Instance score indicates the health of an ADC instance. A score of 100 means a perfectly healthy instance without any issues. Instance score captures different levels of potential issues on the instance. It is a quantifiable measurement of instance health and multiple “health indicators” contribute to the score.
Health indicators are the building blocks of the instance score, where the score is computed periodically for a predefined “monitoring period,” based on all detected indicators in that time window. Currently, Infrastructure analytics calculates the instance score once every hour based on the data collected from the instances. An indicator can be defined as any activity (an event or an issue) that belongs to one of the following categories on the instances.
- System resource indicators
- Critical events indicators
- SSL configuration indicators
- Configuration deviation indicators
Health indicators explained
System resources indicators
The following are the critical system resource issues that might occur on Citrix ADC instances and monitored by Citrix ADM.
High CPU usage. The CPU usage has crossed the higher threshold value in the Citrix ADC instance.
High memory usage. The memory usage has crossed the higher threshold value in the Citrix ADC instance.
High disk usage. The disk usage has crossed the higher threshold value in the Citrix ADC instance.
Disk errors. There are errors on hard disk 0 or hard disk 1 on the hypervisor where the ADC instance is installed.
Power failure. The power supply has failed or disconnected from the ADC instance.
SSL card failure. The SSL card installed on the instance has failed.
Flash errors. There are Compact Flash Errors seen on the Citrix ADC instance.
NIC discards. The packets discarded by the NIC card has crossed the higher threshold value in the Citrix ADC instance.
For more information on these system resources errors, see Instance dashboard.
Critical events indicators
The following critical events are identified by the events under event management feature of ADM that are configured with critical severity.
HA sync failure. Configuration sync between the ADC instances in high availability has failed on the secondary server.
HA no heartbeats. The primary server in a pair of ADC instances in high availability is not receiving heart beats form the secondary server.
HA bad secondary state. The secondary server in a pair of ADC instances in high availability is in Down, Unknown, or Stay secondary state.
HA version mismatch. The version of the ADC software images installed on a pair of ADC instances in high availability does not match.
Cluster sync failure. Configuration sync between the ADC instances in cluster mode has failed.
Cluster version mismatch. The version of the ADC software images installed on the ADC instances in cluster mode does not match.

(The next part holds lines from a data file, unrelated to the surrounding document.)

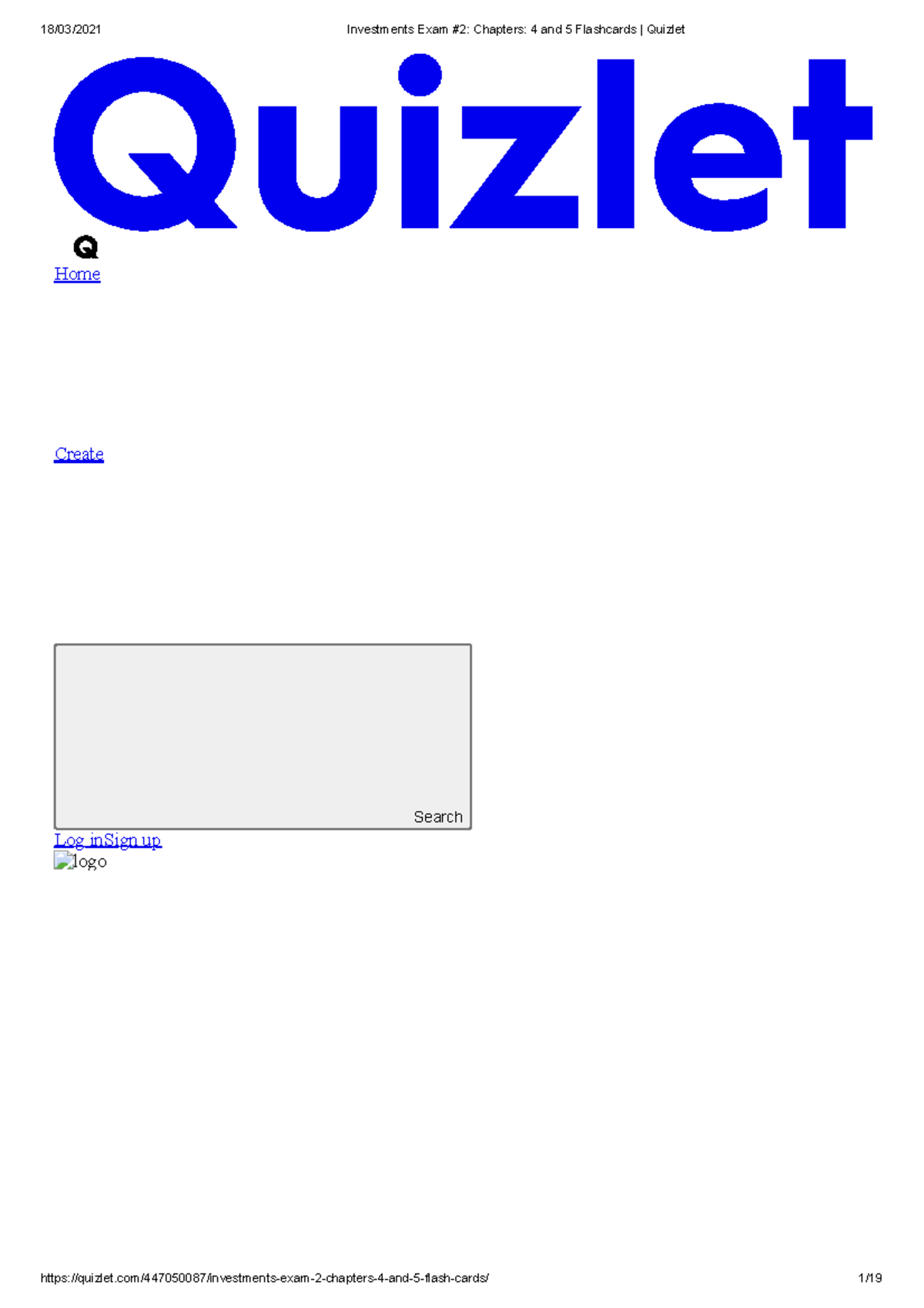 Investments Analysis Chapters 4 and 5 Flashcards Quizlet - Home Create  Search Log inSign up logo - StuDocu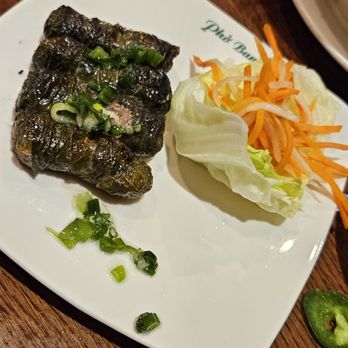 Pho Bami - Grilled Ground Beef wrapped in Grape Leaves - Vietnamese Near Me - Wilmington, Delaware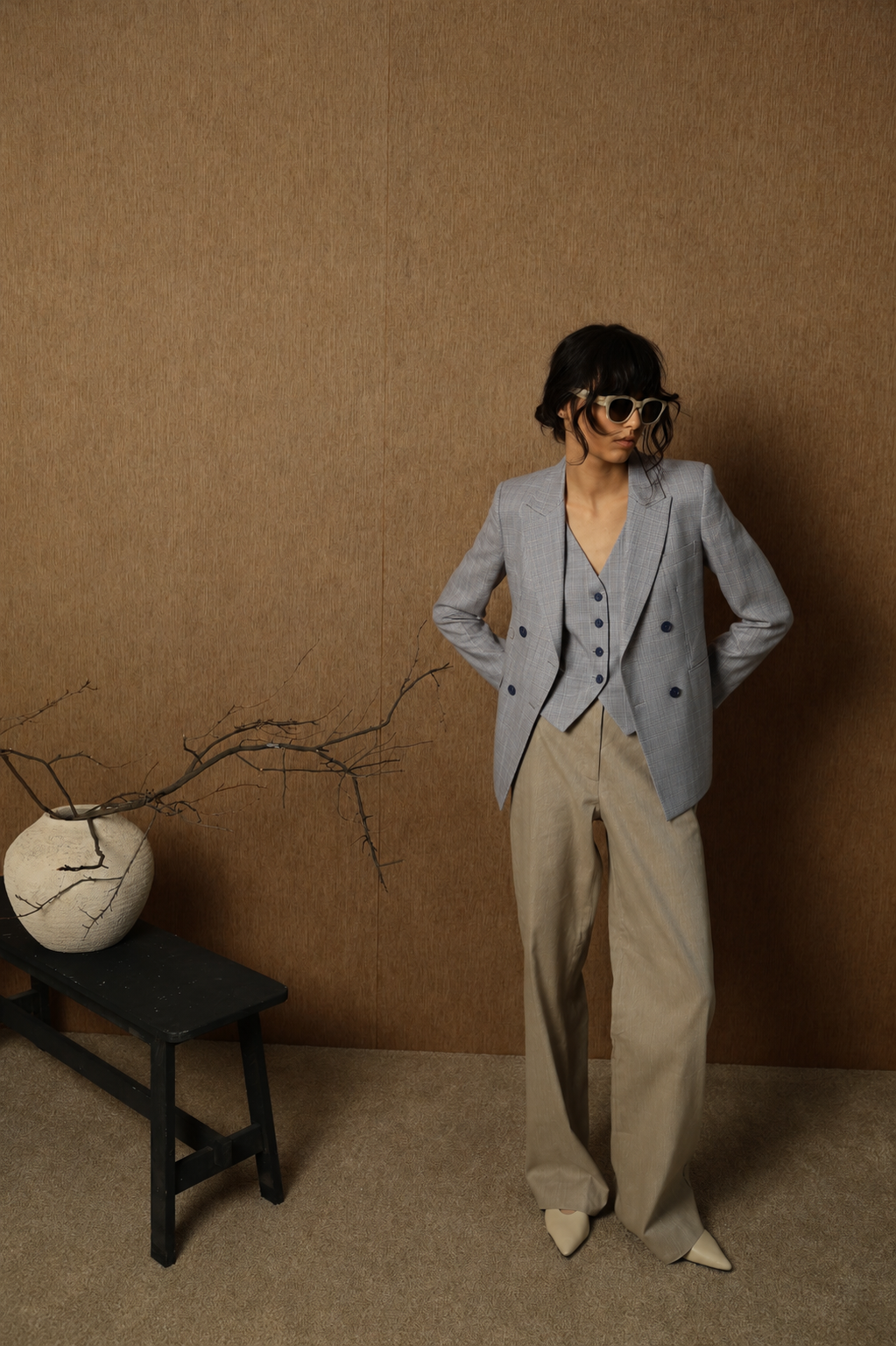 Madrid White-Blue Linen Blazer 3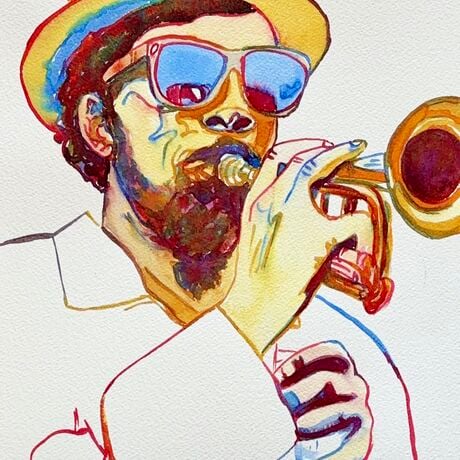 "Stage of Sound" by Christine Beard is a vibrant watercolor portrait capturing the essence of a musician lost in the rhythm of his performance. The artist skillfully uses bold colors and expressive brushstrokes to convey the energy and passion of the trumpet player, highlighting the lively atmosphere of a jazz scene. The musician's sunglasses and hat add a contemporary touch to this dynamic piece, making it a perfect representation of modern musical expression. This artwork invites viewers to feel the rhythm and energy of live music, making it an excellent addition to any contemporary art collection.






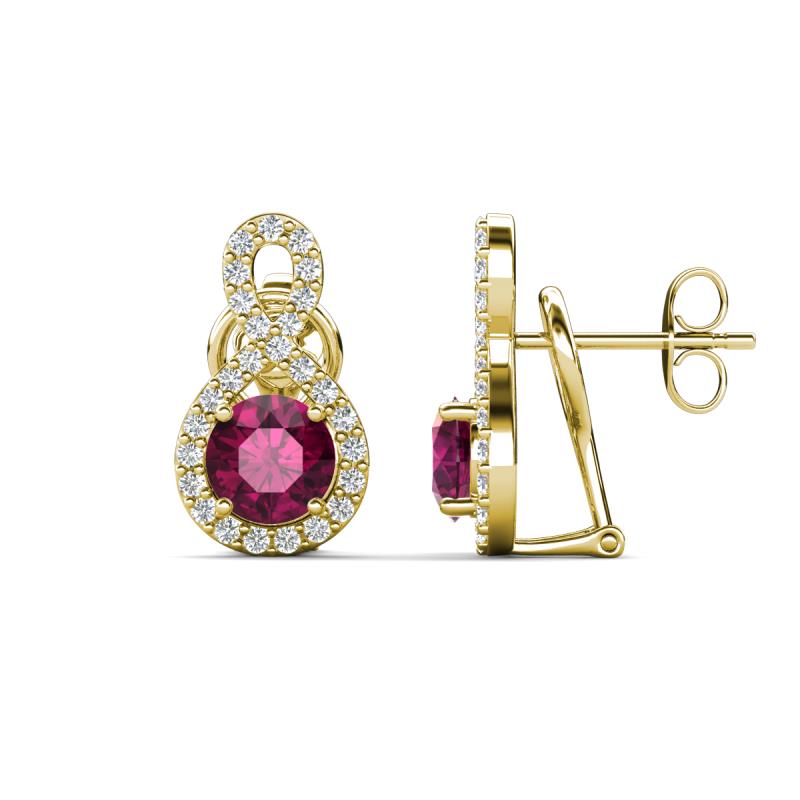 Jovita 2.18 ctw (6.00 mm) Rhodolite Garnet and Natural Round Diamond Halo Dangle Stud Earrings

Cluster propagation failure. Propagation of configurations to all instances in a cluster has failed.
You can have your list of critical SNMP events by changing the severity levels of the events. For more information on how to change the severity levels, see Modify the reported severity of events that occur on Citrix ADC instances.
For more information on events in Citrix ADM, see Events.
SSL configuration indicators
Not recommended key strength. The key strength of the SSL certificates is not as per Citrix standards
Not recommended issuer. The issuer of the SSL certificate is not recommended by Citrix.
SSL certs expired. The SSL certificate installed in the ADC instance has expired.
SSL certs expiry due. The SSL certificate installed in the ADC instance is about to expire in the next one week.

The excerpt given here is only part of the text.